AIM OF THE EXERCISE ::
Word for word, copy the line containing "8ft firewood rack" and every line after it in the records below, leaving pictures out.
--------------------
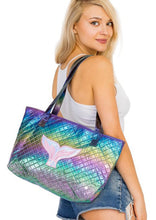 Load image into Gallery viewer, Shimmer Quilted Mermaid Tail tote Bag
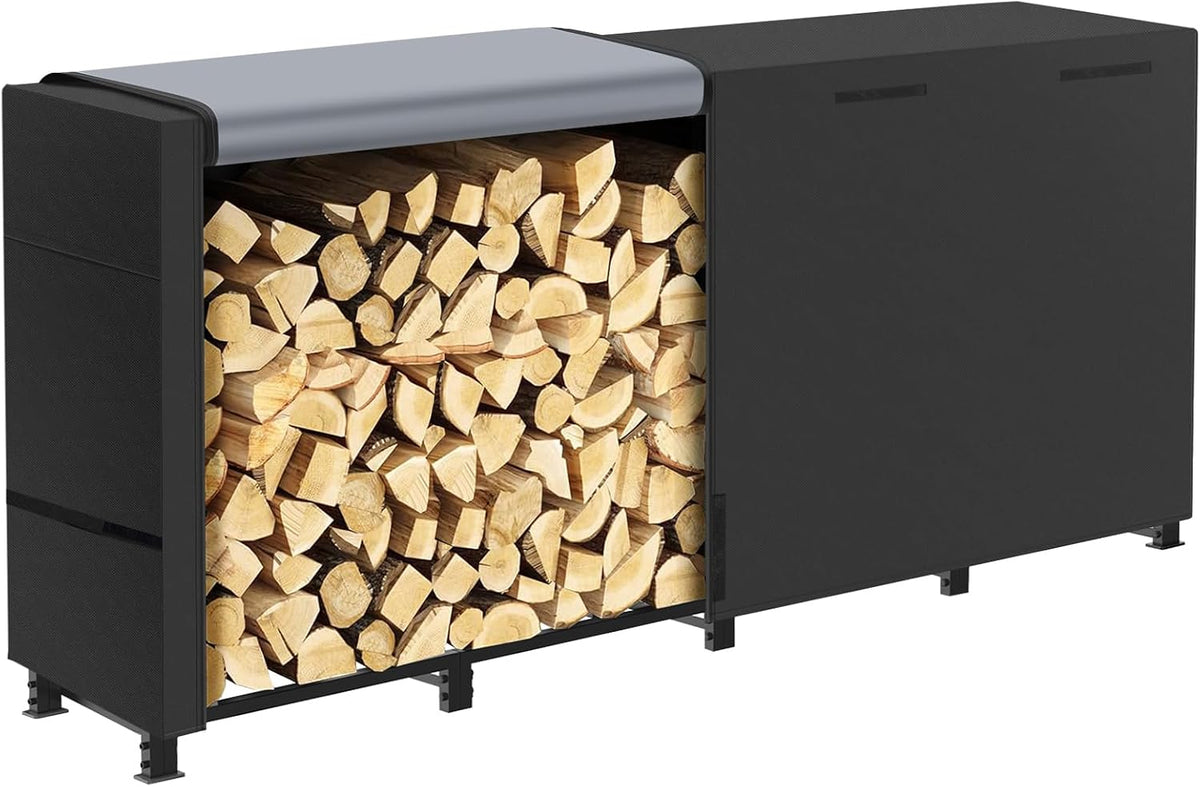 8ft firewood rack outdoor with waterproof widened cover, main product view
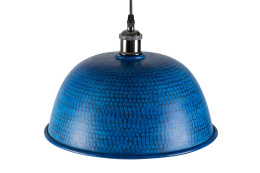 Niebieska miedziana lampa wisząca meksykańska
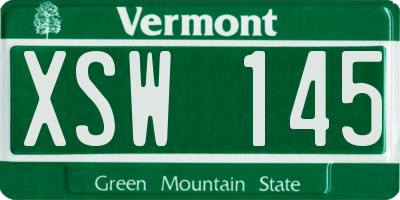 VT license plate XSW145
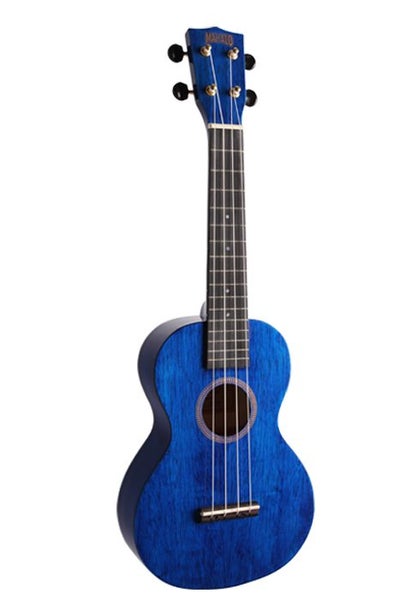Concert Size Ukulele By Mahalo In Transparent Blue Stained Wood Carousel 1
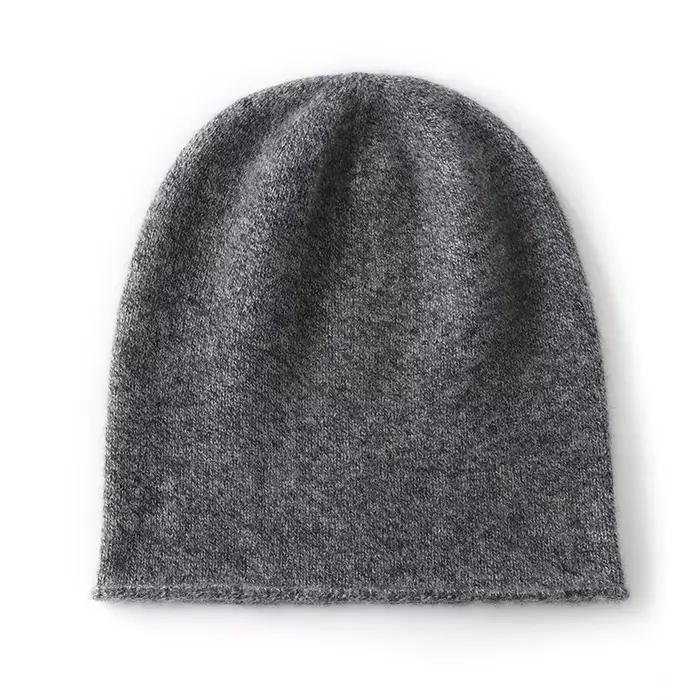 Hiver unisexe 100 cachemire chapeaux en plein air décontracté garder au chaud couleur unie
--------------------
ANSWER SECTION ::
 8ft firewood rack outdoor with waterproof widened cover, main product view
 Niebieska miedziana lampa wisząca meksykańska
 VT license plate XSW145
Concert Size Ukulele By Mahalo In Transparent Blue Stained Wood Carousel 1
 Hiver unisexe 100 cachemire chapeaux en plein air décontracté garder au chaud couleur unie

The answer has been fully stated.